Yep - almost certainly springtails. I've collected them from the garden before and introduced them to a new enclosure, along with some woodlice (had them quarantined for a couple of weeks first). They do a good job of cleaning up mold spores, food remains, etc...


----------



## JayW (Dec 14, 2010)

ZZfan said:


> Yep - almost certainly springtails. I've collected them from the garden before and introduced them to a new enclosure, along with some woodlice (had them quarantined for a couple of weeks first). They do a good job of cleaning up mold spores, food remains, etc...


do the T's not eat them or anything?


----------



## snowgoose (May 5, 2009)

JayW said:


> do the T's not eat them or anything?


they would have a bloody hard job to eat the springtails ( they are only a few mm long )

As for the woodlice, they may pic of one or two but probably not enough to make them stop doing their job.


----------



## JayW (Dec 14, 2010)

snowgoose said:


> they would have a bloody hard job to eat the springtails ( they are only a few mm long )
> 
> As for the woodlice, they may pic of one or two but probably not enough to make them stop doing their job.

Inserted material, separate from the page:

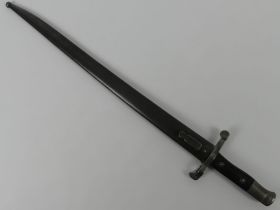 WWI Portuguese model 1885 Guedes bayonet and scabbard, blade 47cm.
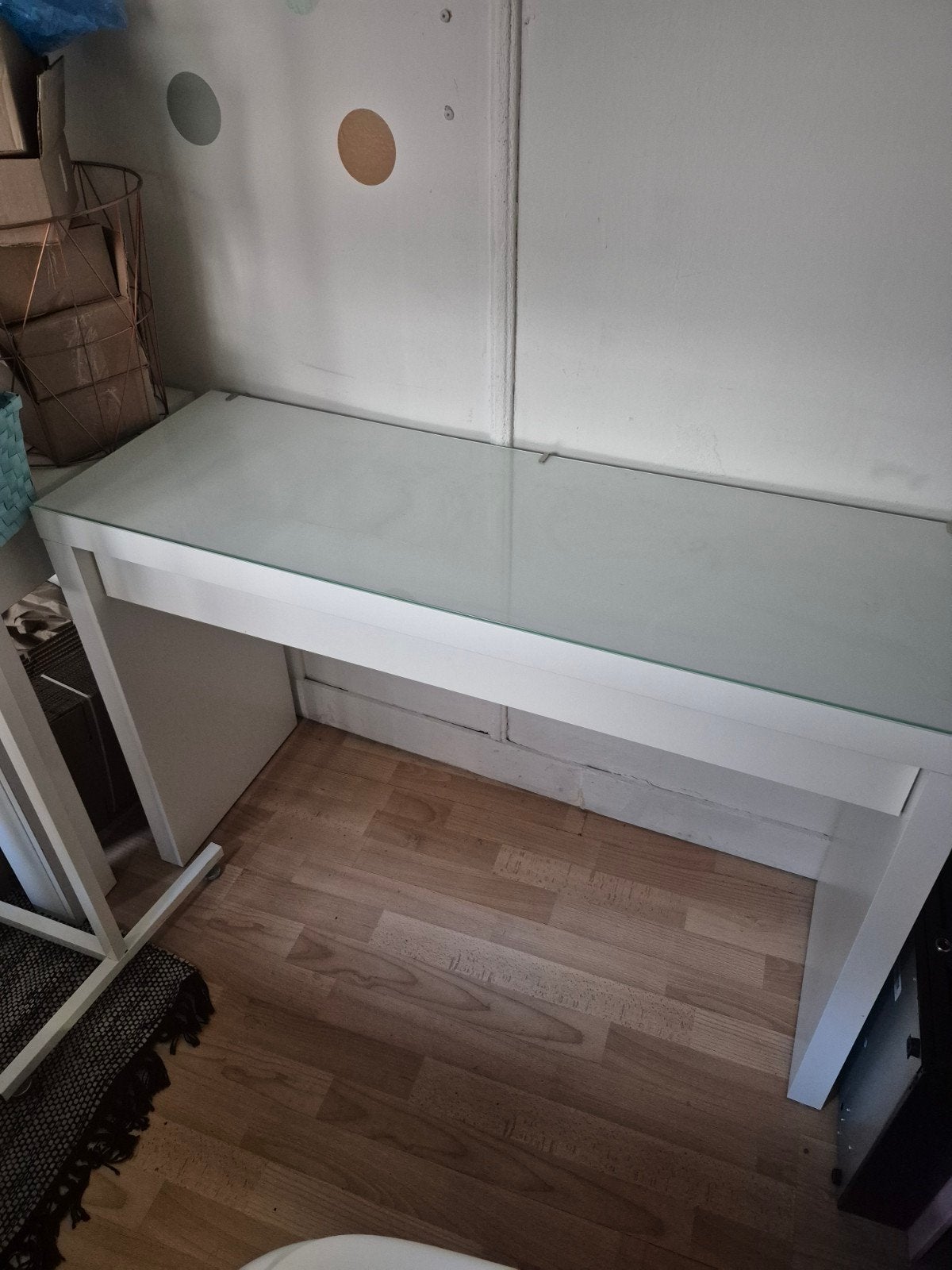 Ikea MALM toilettafel met glazen blad, Huis en Inrichting, Ophalen, Gebruikt, 100 tot 150 cm, Minder dan 100 cm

might have to look into em then :Na_Na_Na_Na:


----------



## cbmark (Feb 23, 2008)

cheers for the replys put my mind at rest


----------



## norfendz (Jun 30, 2008)

aye sounds like spring tails i got them when i had my emporer and i was worried and posted a thread up here too lol


----------



## Spiderdan24 (Feb 21, 2011)

Got the same thing mate! Bloody things!!!!


----------



## Mez (Feb 19, 2007)

Springtails? How are we ruling out mites? Very small, almost microscopic and need humid environment to thrive, if it isn't humid enough they will congregate in and around the water dish. The ones I've seen in T enclosures were white. In small numbers they ate harmless, but in extreme cases they infest an enclosure and its inhabitant.


----------



## cbmark (Feb 23, 2008)

ive dealt with snake mites over the years but havo no idea about spider mites they look like no mite ive seen before also do mites start in larvae? as this is what was swimming in the water imo


----------



## Mez (Feb 19, 2007)

Yeah, nothing like snake mites pal, they'll be much smaller and white, and not massivley pumped with blood!
The larvea is usually laid in boluses and substrate, so if youre sure they dont have the same body structure as a snake mite youre probably OK.


----------



## cbmark (Feb 23, 2008)

i tell you what it reminded me of but on a much smaller scale when i was a kid along time ago lol my grandad used to have big water butts in his garden and they used to have some form of larvae in there when you kicked them they all started wiggling in the water lol maybe way over your head but thats what they reminded me of but tiny and white :lol2:


----------



## Dr3d (Jul 31, 2010)

cbmark said:


> i tell you what it reminded me of but on a much smaller scale when i was a kid along time ago lol my grandad used to have big water butts in his garden and they used to have some form of larvae in there when you kicked them they all started wiggling in the water lol maybe way over your head but thats what they reminded me of but tiny and white :lol2:


mark do they look like this but pure white in the water and microscopic

Google Image Result for http://static-wtb.cheshirecat.net/wp-content/uploads//2010/03/springtails_uk_ann.jpg


----------



## cbmark (Feb 23, 2008)

yeah noel i reckon so im not digging them out the bin to double check but looks the part


----------



## Dr3d (Jul 31, 2010)

cbmark said:


> yeah noel i reckon so im not digging them out the bin to double check but looks the part


all the mites i have come across whether it be on plants snakes or spiders there roundish not long an thin, if these are long thin bright white and jump about there springtails mate not mites, mites on plants produce webbing not sure as to meat eating mites but spring tails hang around damp areas and Spring/jump about hense why you had loads in the water  I could be wrong but I dont recon so :2thumb:


----------



## cbmark (Feb 23, 2008)

niceone noel :no1:


----------